→ **INPUT RECORDS**
◆ ◆ ◆
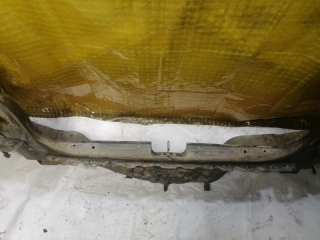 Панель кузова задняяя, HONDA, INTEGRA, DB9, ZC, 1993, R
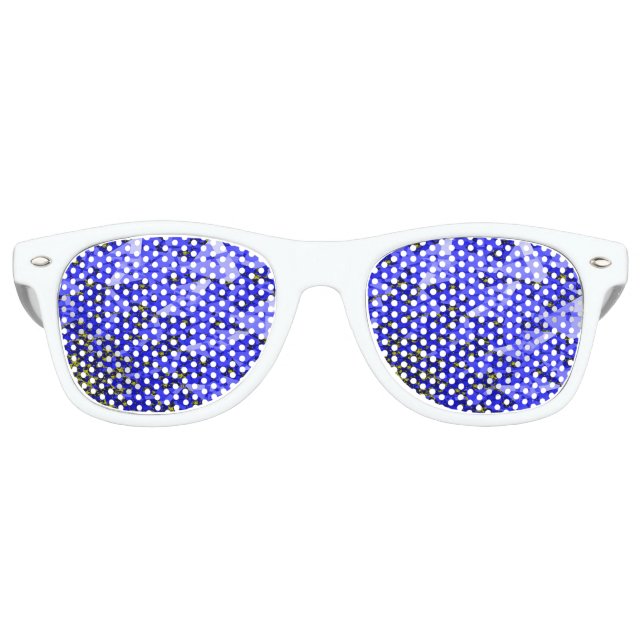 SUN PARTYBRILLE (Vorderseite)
◆ ◆ ◆
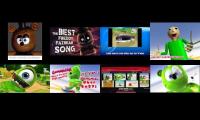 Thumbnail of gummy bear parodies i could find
◆ ◆ ◆
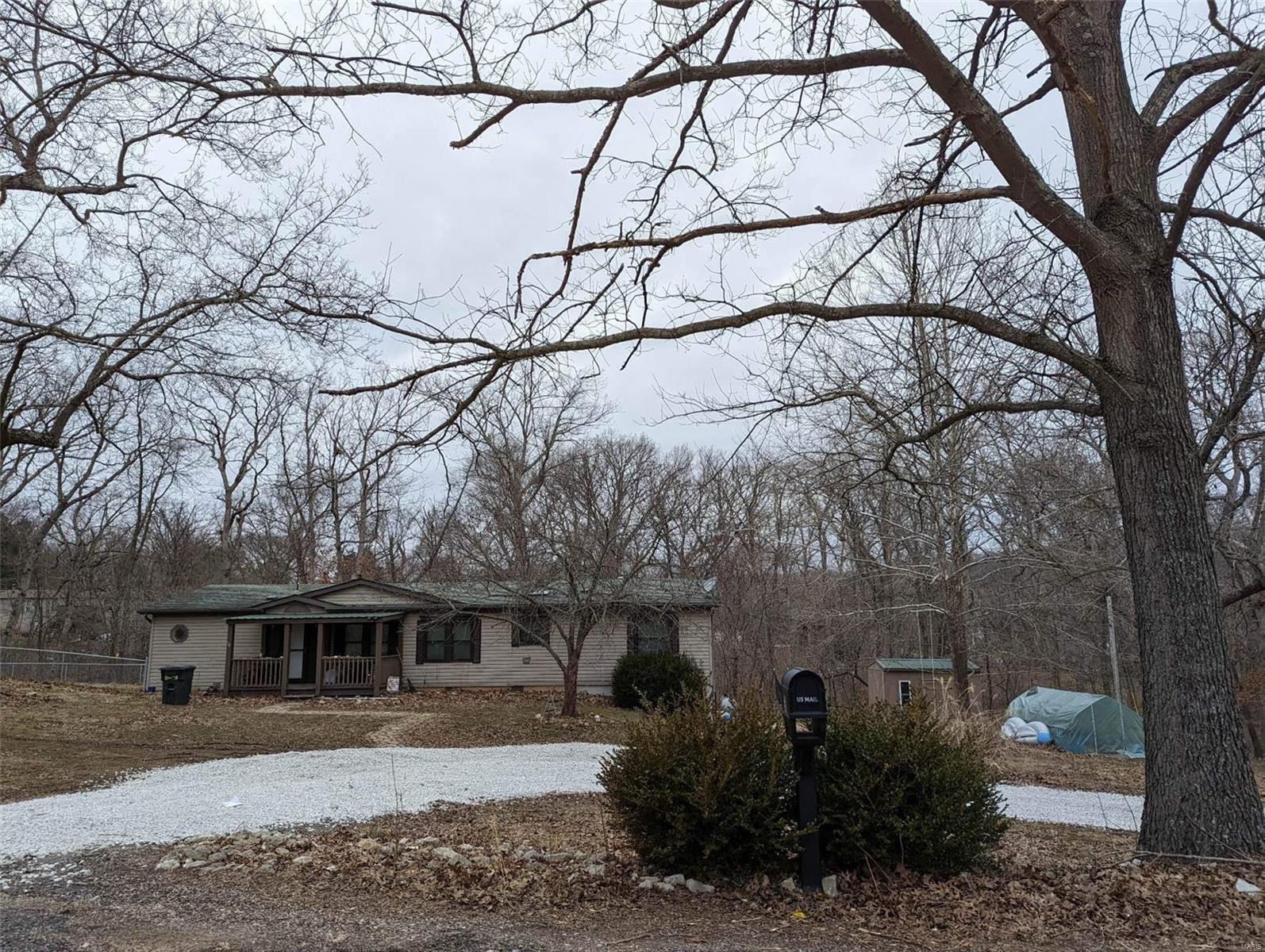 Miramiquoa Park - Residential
◆ ◆ ◆
→ **PROMPT**
What are the lines above from the one with "Панель кузова задняяя, HONDA, INTEGRA, DB9, ZC, 1993, R" to the one with "SUN PARTYBRILLE (Vorderseite)", both included? Reproduce them exactly, without pictures.

→ **REPLY**
 Панель кузова задняяя, HONDA, INTEGRA, DB9, ZC, 1993, R
 SUN PARTYBRILLE (Vorderseite)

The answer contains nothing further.